You're right, short focal length lenses need to be retro-focus and that makes it a real challenge to get a good optical formula into a pancake.

As for pancakes, I had a 40mm Voightlander but to be honest I think a pancake is too small on a 5DMk* body. I prefer my little 50 and 35 mm Canon lenses for compactness and light weight while they still give something to hold on to.


----------



## StudentOfLight (Feb 26, 2014)

mrsfotografie said:


> iron-t said:
> 
> 
> > It seems like 40mm (on FF) is about the sweet spot for pancakes because it provides a very natural perspective and is a simple lens requiring few corrections to achieve decent optical performance. My favorite lens on Micro 4/3 is the Panasonic 20mm f/1.7 pancake that is 40mm FF equivalent. Extremely versatile.
> ...



I have the EF 40mm so just imagine what that looks like on a 1D body.
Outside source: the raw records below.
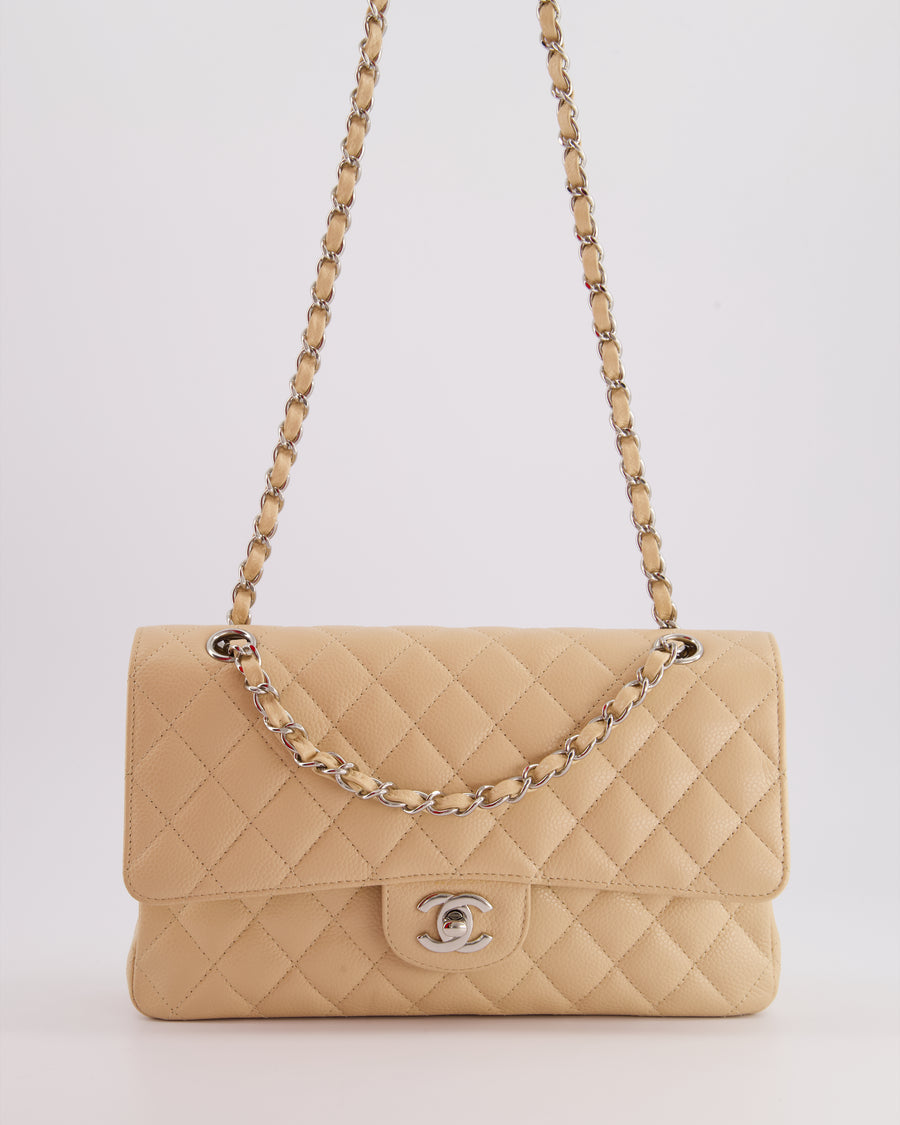 Chanel Beige Medium Classic Double Flap in Caviar Leather with Silver Hardware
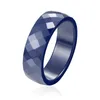 Top qualité personnalité bleu foncé et noir multi-facettes bague en céramique hommes femmes nouvelle mode bijoux bague cadeau en gros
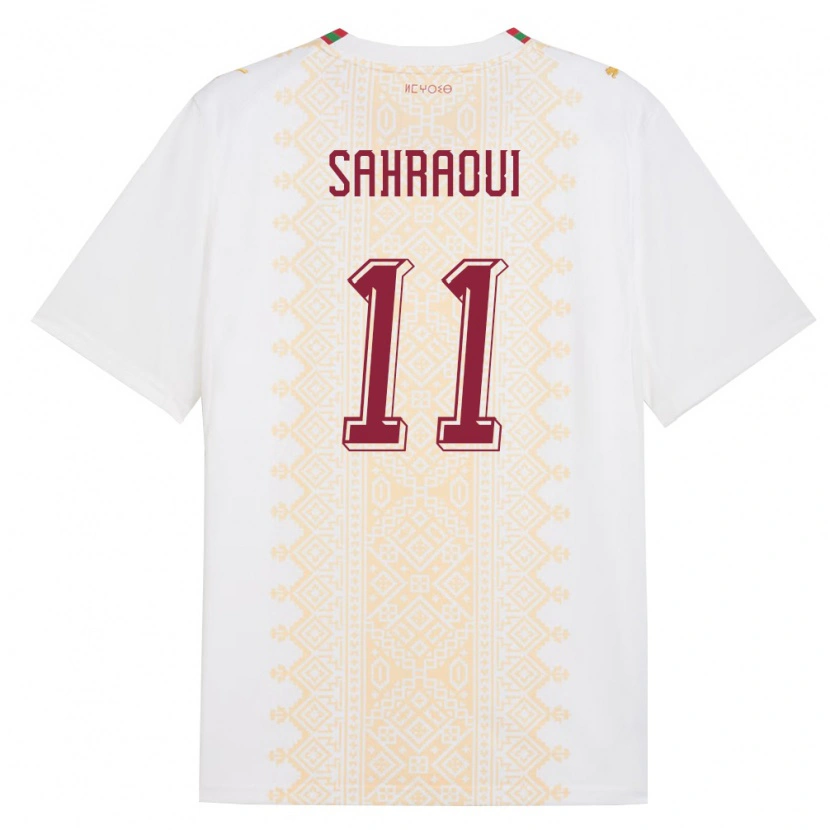 Danxen Hombre Camiseta Marruecos Osame Sahraoui #11 Blanco Oro Rojo 2ª Equipación 26-28 La Camisa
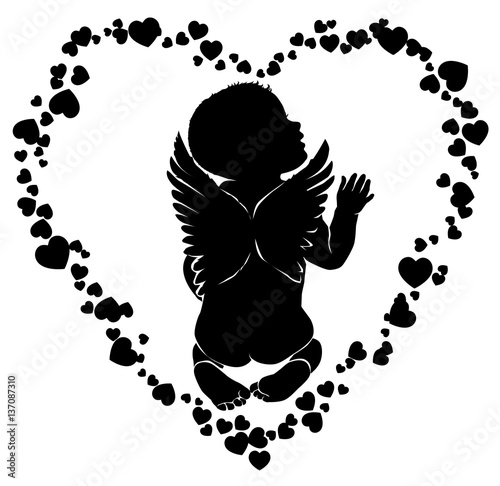 Angel baby with wings in hearts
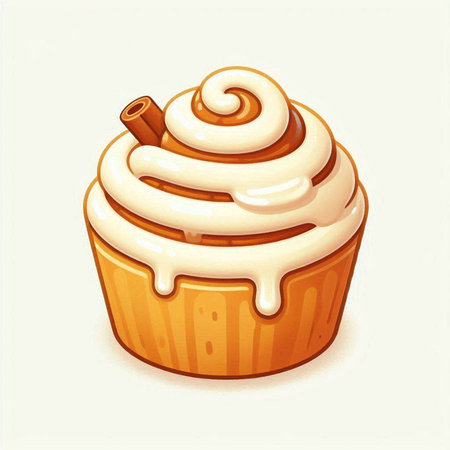 Cupcake with cinnamon on a white background. Vector illustration.のイラスト素材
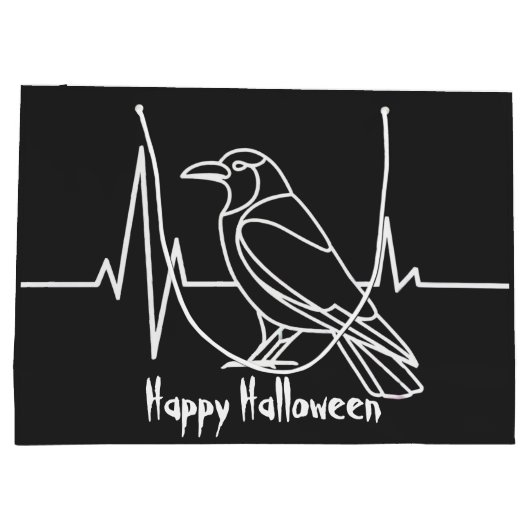 Moderne Kraai & hartslag, minimalistisch, Hallowee Groot Cadeauzakje (Achterkant)
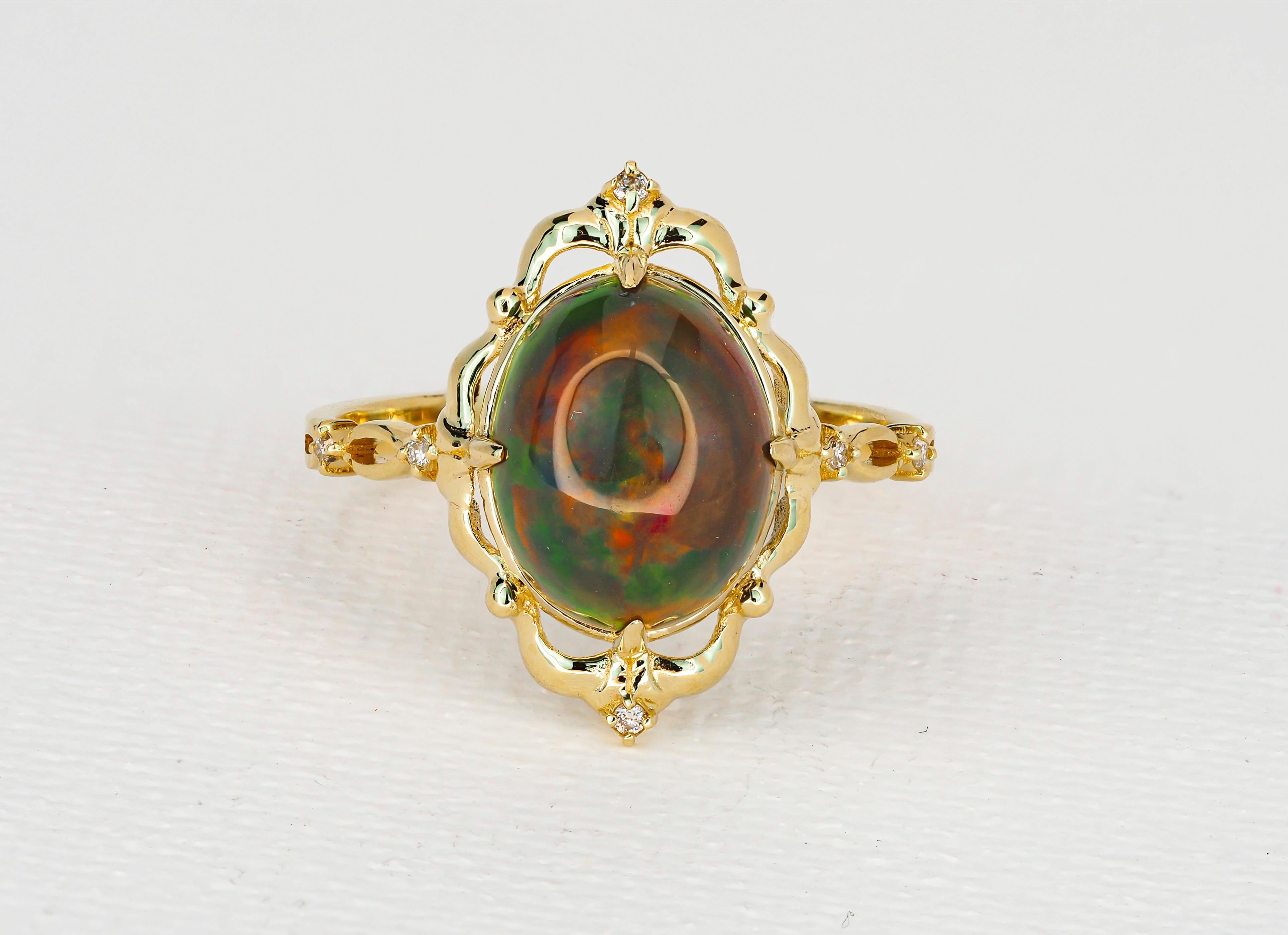 Black opal 14k gold ring.  For Sale 1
LOL ;D


----------



## adhocphotographer (Feb 26, 2014)

iron-t said:


> If any new pancake were to come out I'd expect it to be EF-S, 25mm and probably f/2.8 (though f/2 would make it far more attractive on APS-C).



I would still consider getting one for my 100D!


----------



## slclick (Mar 8, 2014)

I always dreamed of an EF 20 akin to the Voigtlander yet with AF, that was until I bought the Zeiss 18, lol.


----------